### What the task requires
Every line below needs to be reproduced exactly.
BEGIN
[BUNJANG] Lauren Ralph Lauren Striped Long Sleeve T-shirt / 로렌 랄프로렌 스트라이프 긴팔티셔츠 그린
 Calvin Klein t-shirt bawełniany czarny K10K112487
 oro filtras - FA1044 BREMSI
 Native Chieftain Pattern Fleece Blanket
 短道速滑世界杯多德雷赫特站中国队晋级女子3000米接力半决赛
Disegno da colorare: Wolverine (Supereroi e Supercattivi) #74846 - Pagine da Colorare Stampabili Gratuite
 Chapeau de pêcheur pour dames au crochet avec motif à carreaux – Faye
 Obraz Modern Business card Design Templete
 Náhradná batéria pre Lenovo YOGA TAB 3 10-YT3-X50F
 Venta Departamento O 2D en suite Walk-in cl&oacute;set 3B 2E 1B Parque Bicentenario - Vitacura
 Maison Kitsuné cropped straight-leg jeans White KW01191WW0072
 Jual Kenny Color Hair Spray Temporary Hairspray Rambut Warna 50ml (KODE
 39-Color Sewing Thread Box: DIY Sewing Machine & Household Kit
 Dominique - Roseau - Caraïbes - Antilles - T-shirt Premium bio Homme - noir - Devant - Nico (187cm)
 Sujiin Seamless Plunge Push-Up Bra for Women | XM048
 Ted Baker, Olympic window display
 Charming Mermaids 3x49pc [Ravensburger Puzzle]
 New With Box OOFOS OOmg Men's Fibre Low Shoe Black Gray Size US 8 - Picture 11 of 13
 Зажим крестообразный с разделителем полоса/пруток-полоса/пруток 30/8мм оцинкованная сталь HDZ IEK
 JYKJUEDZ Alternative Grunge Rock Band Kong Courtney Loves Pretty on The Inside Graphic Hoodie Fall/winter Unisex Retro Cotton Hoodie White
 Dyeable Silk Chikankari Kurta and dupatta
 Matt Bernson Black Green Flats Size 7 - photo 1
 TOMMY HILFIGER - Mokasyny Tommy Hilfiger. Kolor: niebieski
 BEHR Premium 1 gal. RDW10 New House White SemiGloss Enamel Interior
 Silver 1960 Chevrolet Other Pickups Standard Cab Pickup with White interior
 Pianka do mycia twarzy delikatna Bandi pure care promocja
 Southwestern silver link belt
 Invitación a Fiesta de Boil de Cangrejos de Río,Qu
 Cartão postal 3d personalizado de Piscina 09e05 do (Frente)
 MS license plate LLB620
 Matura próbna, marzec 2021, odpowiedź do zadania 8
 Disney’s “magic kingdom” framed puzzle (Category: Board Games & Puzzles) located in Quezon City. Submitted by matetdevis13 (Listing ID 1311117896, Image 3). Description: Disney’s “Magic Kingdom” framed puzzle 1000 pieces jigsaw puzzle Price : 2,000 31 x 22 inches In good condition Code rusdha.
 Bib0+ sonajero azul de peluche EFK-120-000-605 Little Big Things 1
END
### Result for this task
[BUNJANG] Lauren Ralph Lauren Striped Long Sleeve T-shirt / 로렌 랄프로렌 스트라이프 긴팔티셔츠 그린
 Calvin Klein t-shirt bawełniany czarny K10K112487
 oro filtras - FA1044 BREMSI
 Native Chieftain Pattern Fleece Blanket
 短道速滑世界杯多德雷赫特站中国队晋级女子3000米接力半决赛
Disegno da colorare: Wolverine (Supereroi e Supercattivi) #74846 - Pagine da Colorare Stampabili Gratuite
 Chapeau de pêcheur pour dames au crochet avec motif à carreaux – Faye
 Obraz Modern Business card Design Templete
 Náhradná batéria pre Lenovo YOGA TAB 3 10-YT3-X50F
 Venta Departamento O 2D en suite Walk-in cl&oacute;set 3B 2E 1B Parque Bicentenario - Vitacura
 Maison Kitsuné cropped straight-leg jeans White KW01191WW0072
 Jual Kenny Color Hair Spray Temporary Hairspray Rambut Warna 50ml (KODE
 39-Color Sewing Thread Box: DIY Sewing Machine & Household Kit
 Dominique - Roseau - Caraïbes - Antilles - T-shirt Premium bio Homme - noir - Devant - Nico (187cm)
 Sujiin Seamless Plunge Push-Up Bra for Women | XM048
 Ted Baker, Olympic window display
 Charming Mermaids 3x49pc [Ravensburger Puzzle]
 New With Box OOFOS OOmg Men's Fibre Low Shoe Black Gray Size US 8 - Picture 11 of 13
 Зажим крестообразный с разделителем полоса/пруток-полоса/пруток 30/8мм оцинкованная сталь HDZ IEK
 JYKJUEDZ Alternative Grunge Rock Band Kong Courtney Loves Pretty on The Inside Graphic Hoodie Fall/winter Unisex Retro Cotton Hoodie White
 Dyeable Silk Chikankari Kurta and dupatta
 Matt Bernson Black Green Flats Size 7 - photo 1
 TOMMY HILFIGER - Mokasyny Tommy Hilfiger. Kolor: niebieski
 BEHR Premium 1 gal. RDW10 New House White SemiGloss Enamel Interior
 Silver 1960 Chevrolet Other Pickups Standard Cab Pickup with White interior
 Pianka do mycia twarzy delikatna Bandi pure care promocja
 Southwestern silver link belt
 Invitación a Fiesta de Boil de Cangrejos de Río,Qu
 Cartão postal 3d personalizado de Piscina 09e05 do (Frente)
 MS license plate LLB620
 Matura próbna, marzec 2021, odpowiedź do zadania 8
 Disney’s “magic kingdom” framed puzzle (Category: Board Games & Puzzles) located in Quezon City. Submitted by matetdevis13 (Listing ID 1311117896, Image 3). Description: Disney’s “Magic Kingdom” framed puzzle 1000 pieces jigsaw puzzle Price : 2,000 31 x 22 inches In good condition Code rusdha.
 Bib0+ sonajero azul de peluche EFK-120-000-605 Little Big Things 1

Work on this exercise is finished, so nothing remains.